Menurut dia, dalam Islam perbedaan itu diakui selama berdasarkan dalil keagamaan yang kuat dan dapat dipertanggungjawabkan. Oleh karena itu, perbedaan penetapan 1 Syawal 1432 Hijriyah tidak perlu diperdebatkan dan dibesar-besarkan.

"Keputusan Muhammadiyah menetapkan 1 Syawal 1432 Hijriyah itu bukan mengada-ada, tetapi berdasarkan keyakinan keagamaan. Muhammadiyah menetapkan 1 Syawal jatuh pada Selasa (30/8), karena ijtima atau konjungsi matahari, bulan, dan bumi sudah terjadi pada Senin (29/8)," katanya.

Menurut dia, negara tetangga seperti Malaysia dan Singapura serta negara-negara di Timur Tengah juga melaksanakan shalat Idul Fitri 1432 Hijriyah pada Selasa (30/8).
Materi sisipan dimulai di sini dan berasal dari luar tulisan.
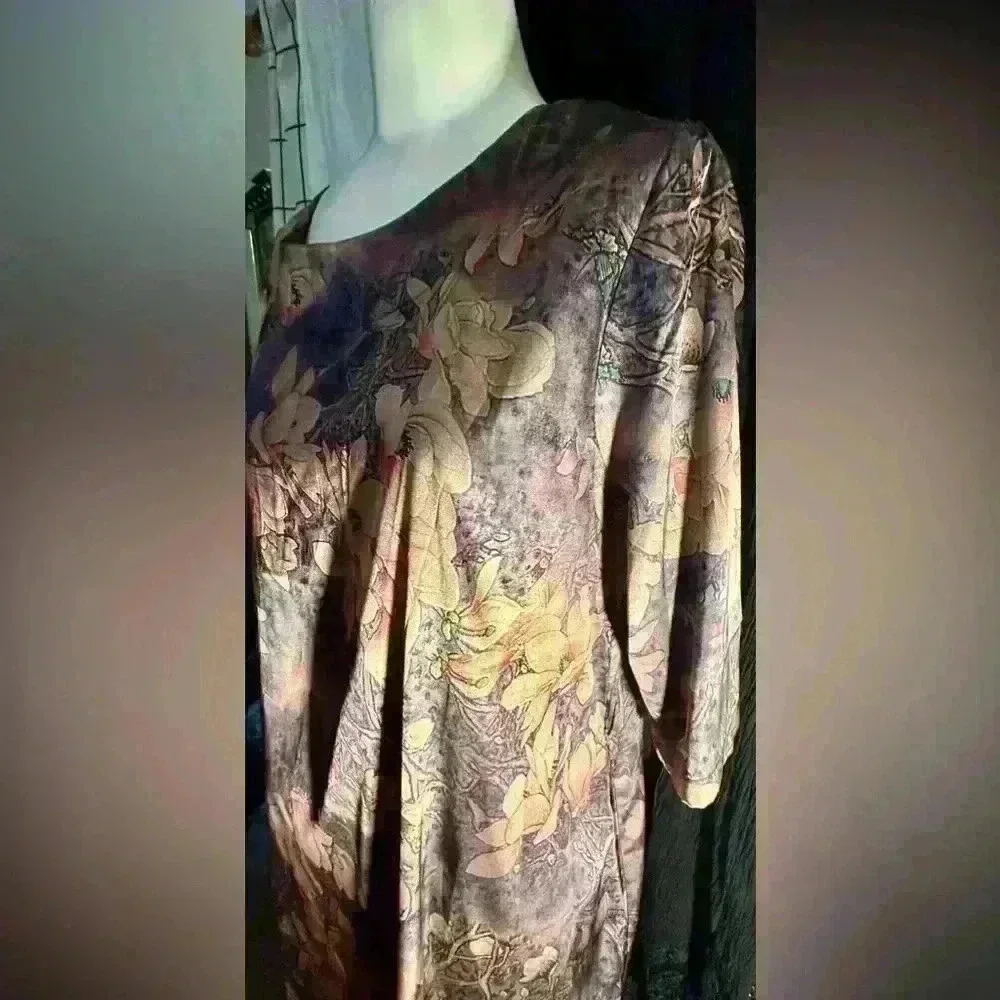 Midi dress in aubergine color - Picture 3 of 5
"Meskipun terjadi perbedaan dalam penetapan awal Syawal, kita harus tetap menjaga ukhuwah Islamiyah dan meningkatkan silaturahmi. Perbedaan awal Syawal tidak hanya terjadi pada tahun ini, tetapi juga pada beberapa tahun lalu," katanya.

Ia mengatakan, pemerintah diharapkan dapat mengayomi seluruh elemen masyarakat terkait dengan perbedaan penetapan 1 Syawal tersebut.

"Hal itu sesuai dengan pasal 29 UUD 1945 yang menyatakan pemerintah menjamin kebebasan beragama bagi setiap warga negara," katanya.